Collected data entries:
____

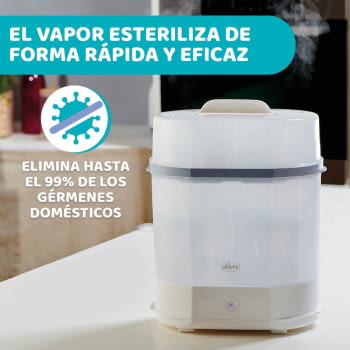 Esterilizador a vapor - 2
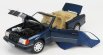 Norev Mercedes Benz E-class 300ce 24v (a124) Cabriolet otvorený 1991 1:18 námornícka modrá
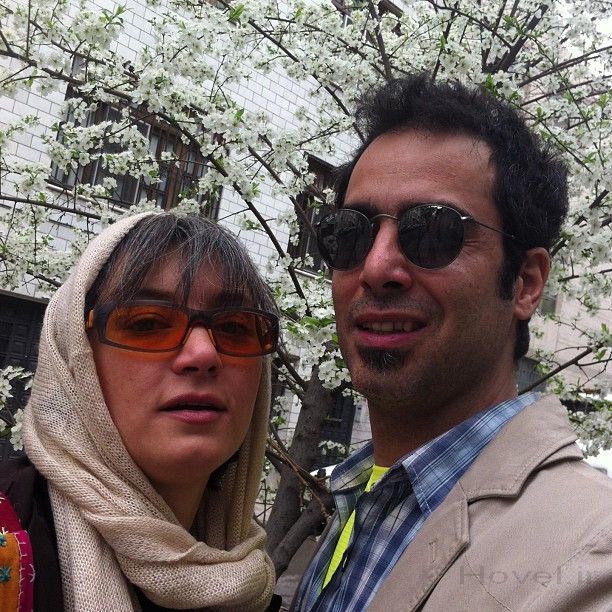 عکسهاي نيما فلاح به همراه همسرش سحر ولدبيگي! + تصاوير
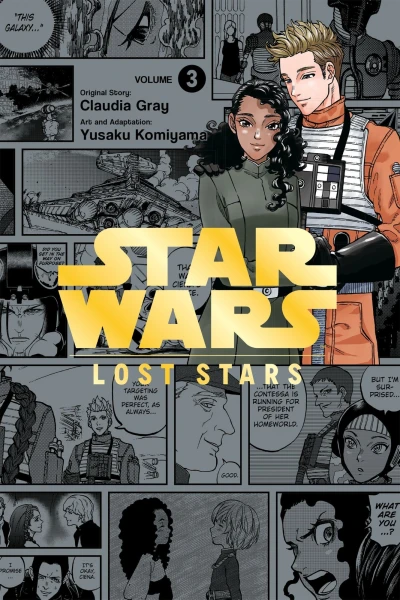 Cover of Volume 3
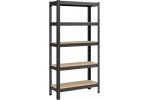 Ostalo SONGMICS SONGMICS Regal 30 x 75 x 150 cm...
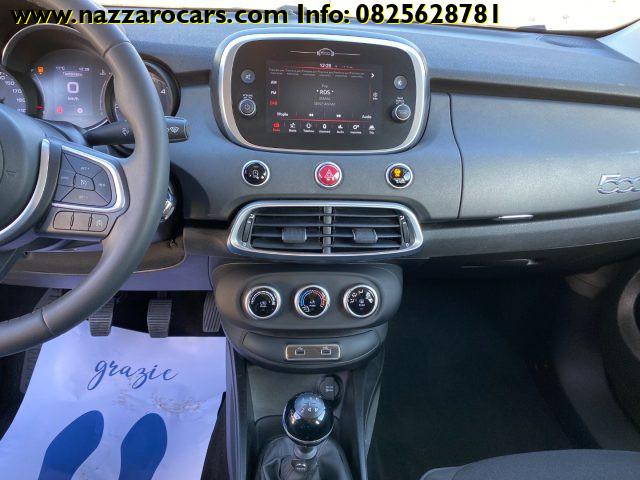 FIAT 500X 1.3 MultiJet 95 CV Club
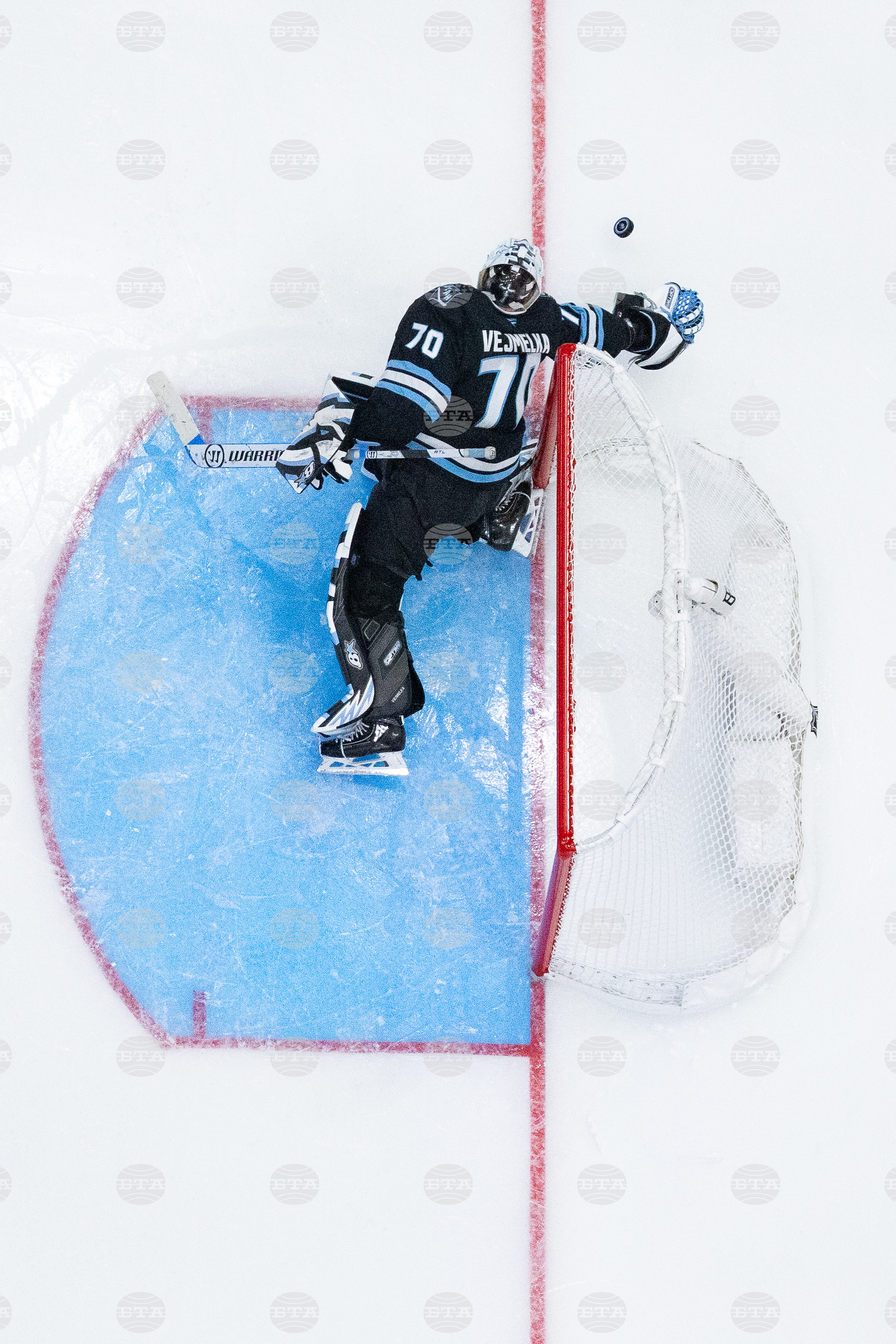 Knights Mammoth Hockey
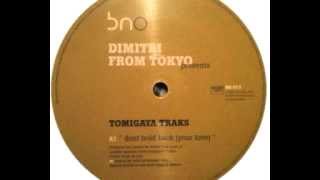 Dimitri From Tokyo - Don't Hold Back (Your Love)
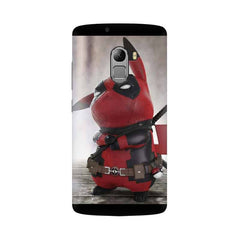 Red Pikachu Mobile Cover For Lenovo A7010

____

Exact text is required for the lines from the one with "FIAT 500X 1.3 MultiJet 95 CV Club" through the last line of the entries, both included. Omit pictures.

 FIAT 500X 1.3 MultiJet 95 CV Club
 Knights Mammoth Hockey
 Dimitri From Tokyo - Don't Hold Back (Your Love)
 Red Pikachu Mobile Cover For Lenovo A7010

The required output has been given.